When I started birdwatching I remember avidly reading a field guide in wonderment at the range of birds one could find here in Britain. I recall thinking one bird I really had to see was the Grey Wagtail. What a stunning bird with such beautiful sulphur yellow colours below, the male with a black bib and the soft grey back to contrast, such a graceful creature, constantly bobbing its tail and confidently announcing its presence as it flies along the river or over the riverside trees. When I first found a Grey Wagtail it was in typical habitat on an upland stream in the north-west of the country but in the last 20 years the bird has spread to lowland streams and become much more widespread. Despite this, the bird is amber listed, numbers having declined moderately in recent years.
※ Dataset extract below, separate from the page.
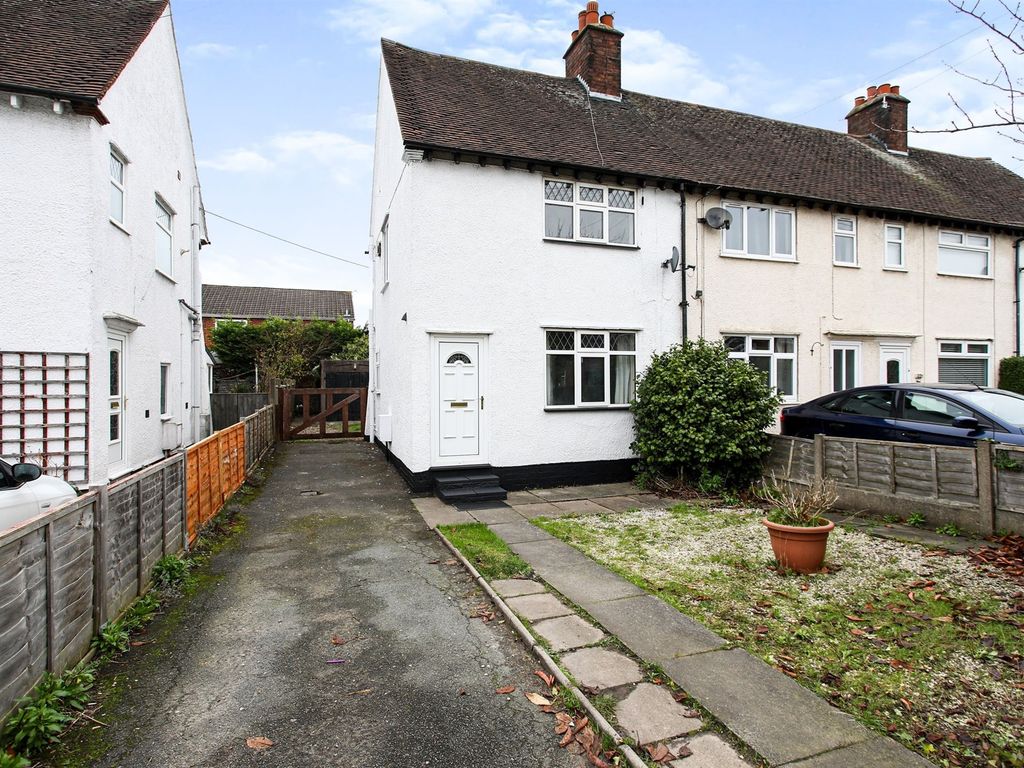 2 bed end terrace house for sale in Middlewich Road, Rudheath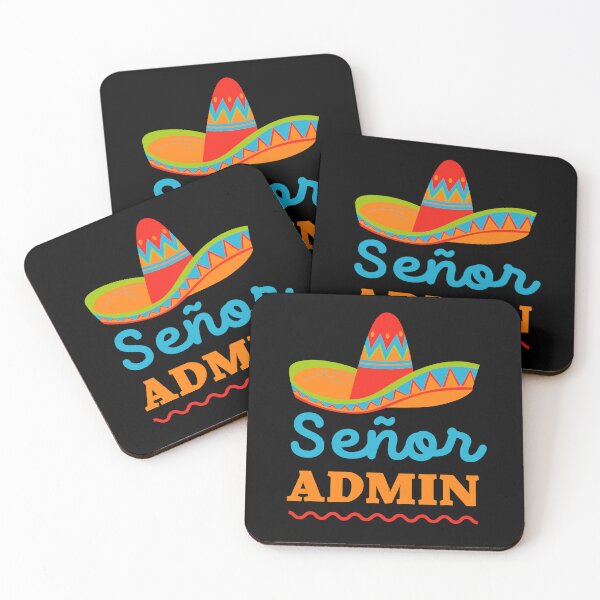 Item preview, Señor Admin T-shirt designed and sold by trendingatees.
Here in the Blackwater Valley we are very lucky to have these beautiful birds present all year and as numbers are swollen by migrants from Northern Europe from August to October and wintering birds, they are easier to find than normal. The Grey Wagtail likes fast-flowing water so the best place to see them is near weirs, sewage works outfalls and the faster flowing stretches of the river. The best place to look for them is Blackwater Park, they can often be seen from the footbridge adjacent to Blackwater Bridge. If that fails, walk up river towards Hawley Meadows and check the outlet from Camberley Sewage Works on the bend in the river just after the end of Blackwater Park. I have also seen them at Frimley Hatches, Tongham Pool and at Swallowfield. Another place to look is the New Mill restaurant at Eversley where Kingfishers are also often seen.
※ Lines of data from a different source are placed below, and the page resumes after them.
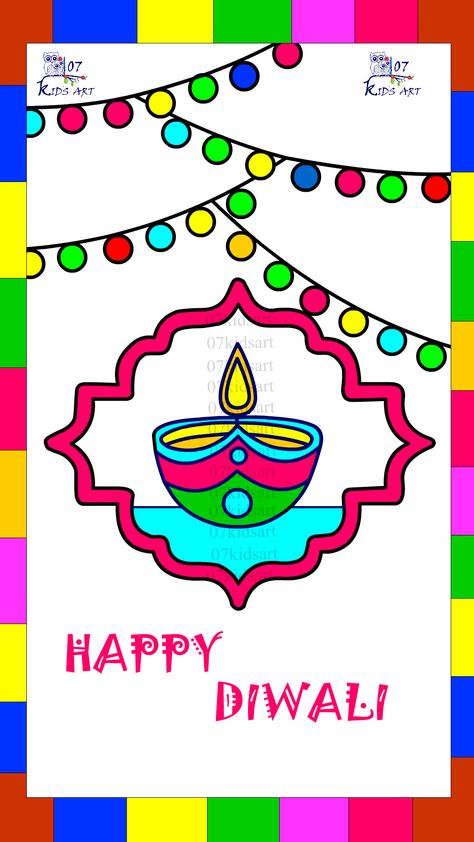 happy diwali , diwali drawing, diwali painting , diwali art , diwali painting for kids , diwali celibration ,simple diwali drawing , easy diwali drawing , diwali lighting , colorful diwali art , diwali rangoli , diwali rangoli art , diwali drawing for kids , diwali colorful art ,happy diwali painting .diya drawing ,diya drawing for kids. Happy Diwali Drawings, Diwali Festival Drawing, Diwali Painting, Diwali Drawing, Baby Painting, Diwali Festival, Class Activities, Happy Diwali, Diwali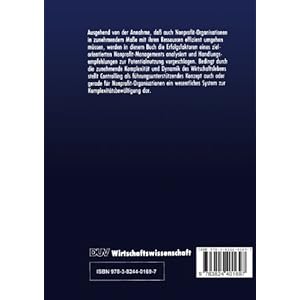 Controlling in Nonprofit-Organisationen: Erfolgsfaktoren und Instrumente (Edition Eosterreichisches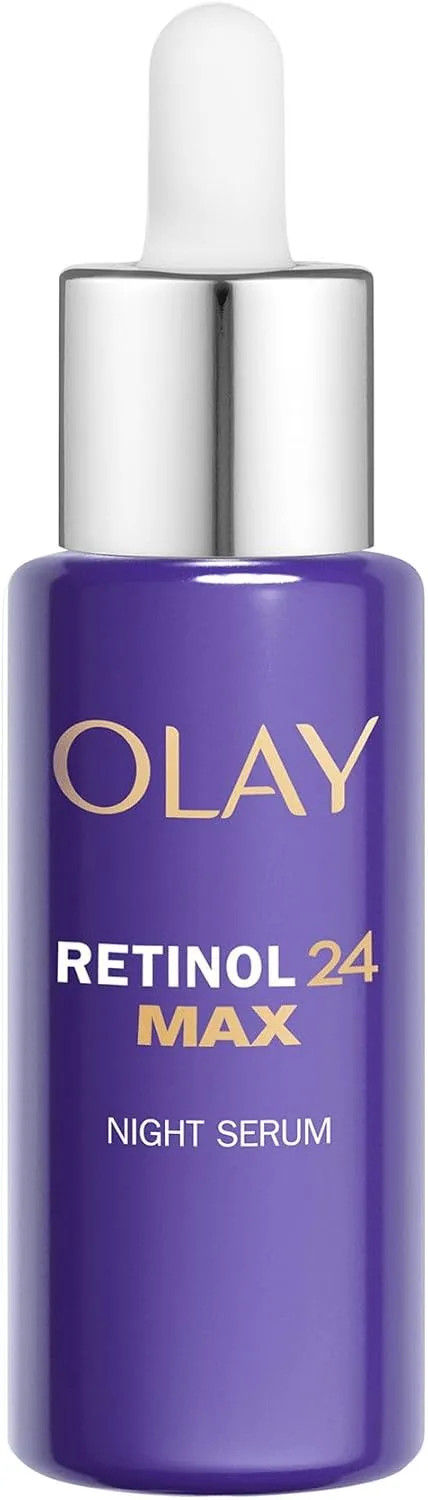 Olay ▫️ Retinol 24 MAX Sérum Facial Noturno Antirrugas, 40 ml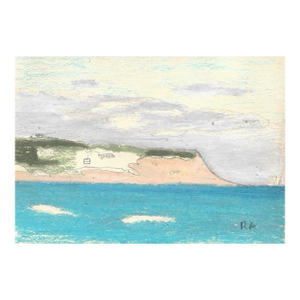 Robert Angeloch British Coastal Cliffs Pastel
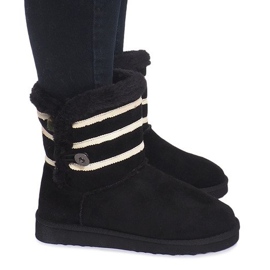 Černí Eskymáci 89-67 Černá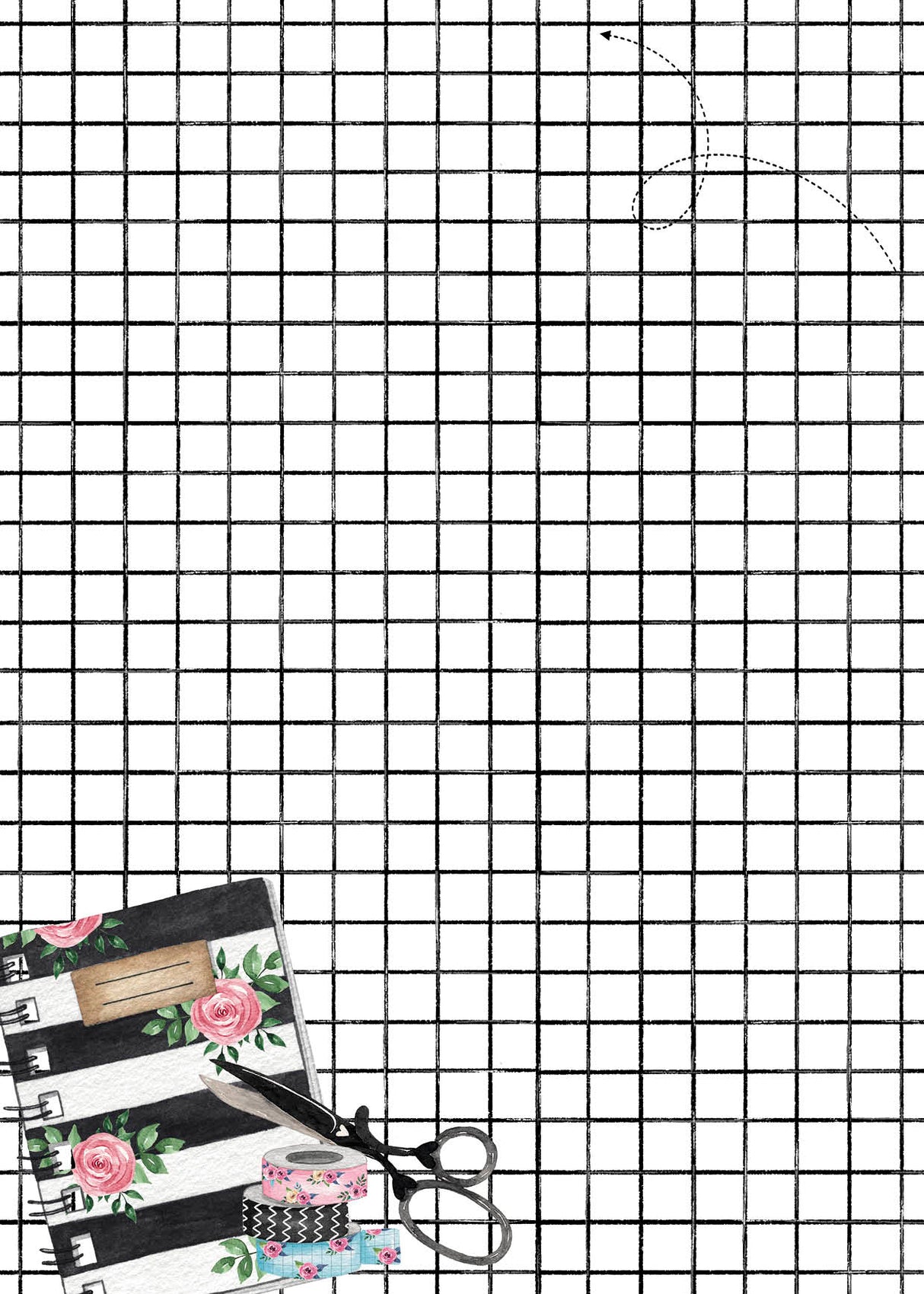 SL DIY Block Love To Create Essentials 294x210xmm 1 PC nr.16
Nesting usually takes place in man-made structures, bridges and culverts providing ideal conditions for them, often with patches of shingle in the riverbed where the insects on which they feed can be easily caught. Each nest is likely to produce four to six young birds and the young are identified in winter by a very pale breast with a buff throat, although if you see one clearly preening the black bib can be seen beneath the breast feathers. Older birds have a little yellow on the breast and are whiter on the throat.
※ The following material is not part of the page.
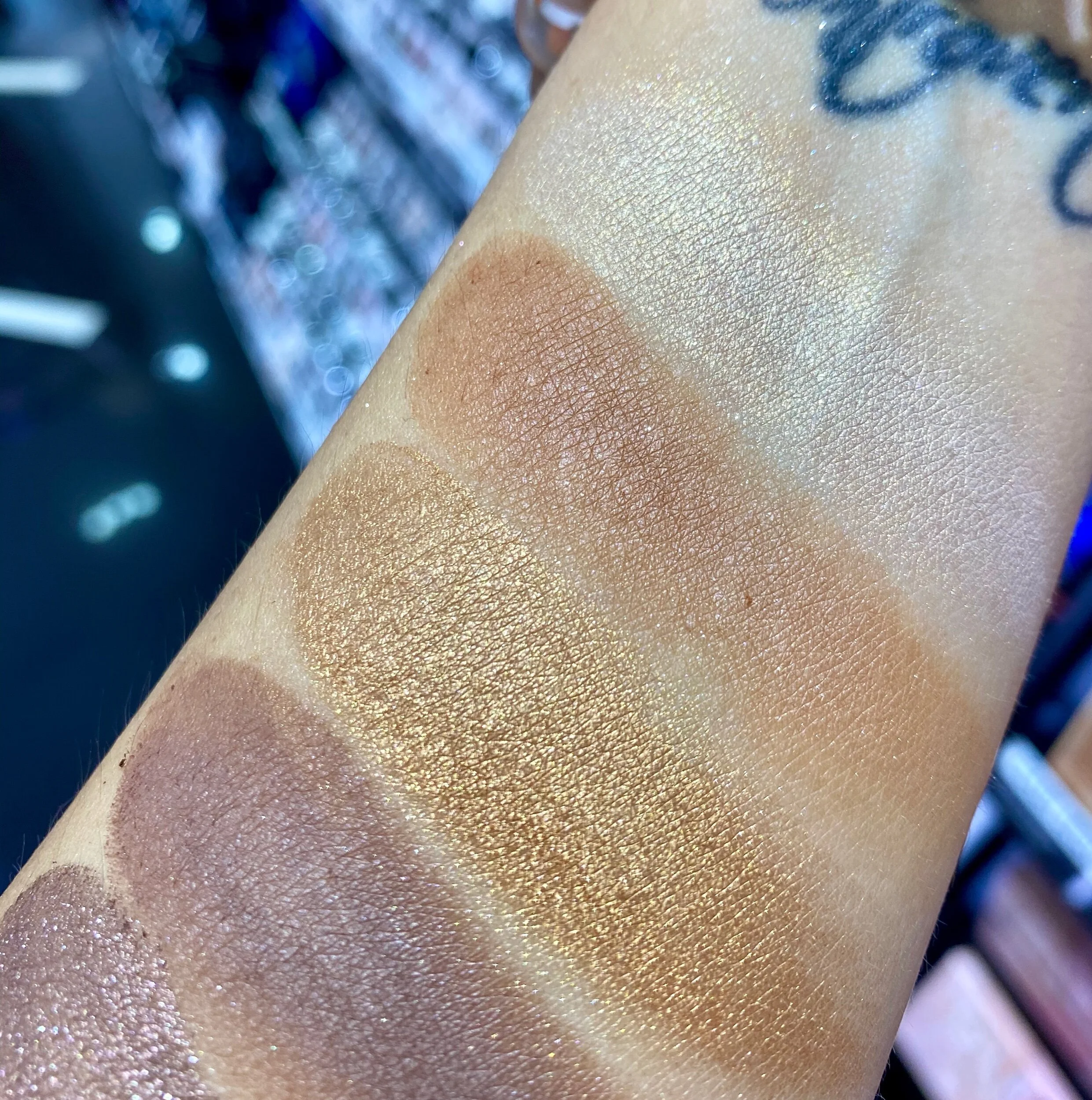 Sephora Collection #Eyestories Caffeine, Please! Swatches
These birds are not that hard to find but they can be overlooked by assuming they are Pied Wagtails, they are often near to each other on lakesides and their calls are similar. The Grey Wagtail has the longest tail of all the Wagtails and the bright yellow under the tail gives it away in all plumages. It might be mistaken for a Yellow Wagtail but these are now very hard to find and only pass through the Valley sparsely on migration. Grey Wagtails rarely flock, unlike Pied Wagtails, so the most you’re likely to see in one place in autumn is one or two. Keep your eyes open for them and you’ll see what I mean about their striking plumage, even in winter.